Читаем Неисчерпаемость портрета. Жизнь художника Ивана Крамского полностью

Толстой еще не примется за изложение Евангелия, а Крамской (картина «Христос в пустыне» уже написана, мысли выношены, выстраданы!) будет доказывать Репину «атеизм» Христа: «Что мне за дело до такого бога, который не проводил ночей, обливаясь слезами, который так счастлив, что вокруг него ореол и сияние. Мой Бог – Христос, величайший из атеистов, человек, который уничтожил бога во вселенной и поместил его в самый центр человеческого духа и идет умирать спокойно за это». И в ответ на возражения Репина горячо повторяет: «Что такое настоящий атеист? Это человек, черпающий силу только в самом себе. И если у Христа есть ссылки на «пославшего его», то это только восточные цветы красноречия; посмотрите, как он запанибрата обходится с Богом – он всюду отождествляет себя с ним. А ведь он не больше, как человек – человек!»

Подступая к картине, Крамской отправляется за границу, «чтобы видеть все, что сделано в этом роде». Примеров для себя он не находит: даже Рафаэль, хотя изображал Христа, «пожалуй, недурно (!), но он его изображал со стороны мифической, а поэтому все его изображения Христа никуда не годятся теперь, когда физиономия Христа становится человечеству понятна». Но, осмысляя творения старых мастеров, Крамской проникается убежденностью, что и «у прежних художников Библия, Евангелие и мифология служили только предлогом к выражению совершенно современных им страстей и мыслей».

Крамской, хоть и не нашел у старых мастеров примера, ради которого ездил в Европу, прежде чем решительно взяться за картину, но начинал не на пустом месте.

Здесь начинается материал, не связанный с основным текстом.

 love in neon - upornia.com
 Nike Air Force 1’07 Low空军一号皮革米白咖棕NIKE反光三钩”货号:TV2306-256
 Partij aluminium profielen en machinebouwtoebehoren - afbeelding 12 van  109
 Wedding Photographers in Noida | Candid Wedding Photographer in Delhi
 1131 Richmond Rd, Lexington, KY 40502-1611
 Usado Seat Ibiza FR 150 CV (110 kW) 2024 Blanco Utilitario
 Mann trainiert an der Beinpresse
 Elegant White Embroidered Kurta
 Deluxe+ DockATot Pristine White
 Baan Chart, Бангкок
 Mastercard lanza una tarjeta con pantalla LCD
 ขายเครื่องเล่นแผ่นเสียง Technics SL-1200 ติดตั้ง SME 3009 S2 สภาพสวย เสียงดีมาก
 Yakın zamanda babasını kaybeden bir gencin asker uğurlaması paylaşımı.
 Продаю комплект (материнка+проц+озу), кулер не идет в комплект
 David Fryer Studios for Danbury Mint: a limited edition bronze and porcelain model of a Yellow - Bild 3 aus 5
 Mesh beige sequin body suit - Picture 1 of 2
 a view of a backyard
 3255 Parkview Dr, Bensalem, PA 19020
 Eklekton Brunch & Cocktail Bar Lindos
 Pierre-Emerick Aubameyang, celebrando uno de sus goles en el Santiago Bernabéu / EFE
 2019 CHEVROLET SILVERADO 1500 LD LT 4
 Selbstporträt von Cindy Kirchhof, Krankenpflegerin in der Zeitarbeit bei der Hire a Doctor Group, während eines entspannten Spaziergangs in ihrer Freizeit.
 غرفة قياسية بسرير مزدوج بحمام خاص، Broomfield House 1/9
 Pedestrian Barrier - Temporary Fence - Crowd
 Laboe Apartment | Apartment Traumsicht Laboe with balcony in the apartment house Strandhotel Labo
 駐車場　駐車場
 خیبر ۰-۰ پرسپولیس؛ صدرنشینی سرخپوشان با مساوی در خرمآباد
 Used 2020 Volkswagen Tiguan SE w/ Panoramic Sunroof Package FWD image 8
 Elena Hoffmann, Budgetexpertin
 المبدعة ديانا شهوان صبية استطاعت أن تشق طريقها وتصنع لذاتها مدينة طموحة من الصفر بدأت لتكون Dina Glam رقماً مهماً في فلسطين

Были свои – Иванов с «Явлением Мессии», Ге с «Тайной вечерей». Рафаэль Рафаэлем но для Ивана Крамского, взросшего на русской почве, всеми корнями в нее ушедшего, всем существом ощущавшего «нерв» современной русской жизни, свои во многом ближе и бесспорнее Пробуждение народа от векового безмолвия, ожидание человечеством исторического поворота, запечатленные Ивановым, и при этом рожденное его картиной чувство неизбежного поворота в самой исторической живописи, предметом которой должен стать «век теперешний». Напитанная духом современности «Тайная вечеря» Ге: привычный, заученный сюжет, заново осмысленный и прочувствованный, оживленный художником, – картина, в которой для одних призыв к нравственному подвигу, а для других уничтожение идеалов. (Про уничтожение идеалов записал в своем известном дневнике профессор словесности и цензор Никитенко; в дневнике есть такая пометка: «Был также Крамской, с которым я имел прения о картине Ге. Он находит, что она – удивительная вещь…») Салтыков-Щедрин многозначительно писал о «Тайной вечере»: мир, изображаемый художником, может быть собственным миром зрителей, смысл подвига в его преемственности и повторяемости.

«Есть один момент в жизни каждого человека», – объясняет Крамской, сразу объединяя мир изображаемый с миром действительным, миром зрителей: Христос «не больше, как человек». Закончив картину, он напишет с пугающей откровенностью: «Христос ли это? Не знаю…» Просто: «Когда кончил, то дал ему дерзкое название…» И дальше – совсем решительно: «Итак, это не Христос. То есть я не знаю, кто это. Это есть выражение моих личных мыслей».

«У меня является страшная потребность рассказать другим то, что я думаю, – продолжает Крамской. – Но как рассказать? Чем, каким способом я могу быть понят? По свойству натуры язык иероглифа для меня доступнее всего».

Иероглиф «вообще», некий отвлеченный знак, по мнению Крамского, ничего не открывает людям: только «конкретный» иероглиф воздействует на зрителя. Не отвлеченное, символическое изображение выбора пути – надо так написать Христа в пустыне, чтобы это был и Христос, и «я», «он», «каждый человек».

Но самое конкретное изображение останется отвлеченным знаком, иероглифом «вообще», если художник не захотел или не сумел рассказать другим то, что он думает, не передал сжигающую его страшную потребность рассказать это.

Когда писали Саваофа в храме Христа Спасителя, контур фигуры перевели на купол без расчета на сферическую полость – «ноги у Саваофа поджались и он казался падающим вниз головой» (рассказ Крамского). В густо записанном фигурами куполе сумели повернуть одного серафима и удлинить Саваофу ноги на два аршина; ноги остались коротковаты, но «на третьем или четвертом шаге при входе в храм» человек, возведя глаза к куполу, тотчас понимал, что там бог Саваоф – вот и весь иероглиф «вообще».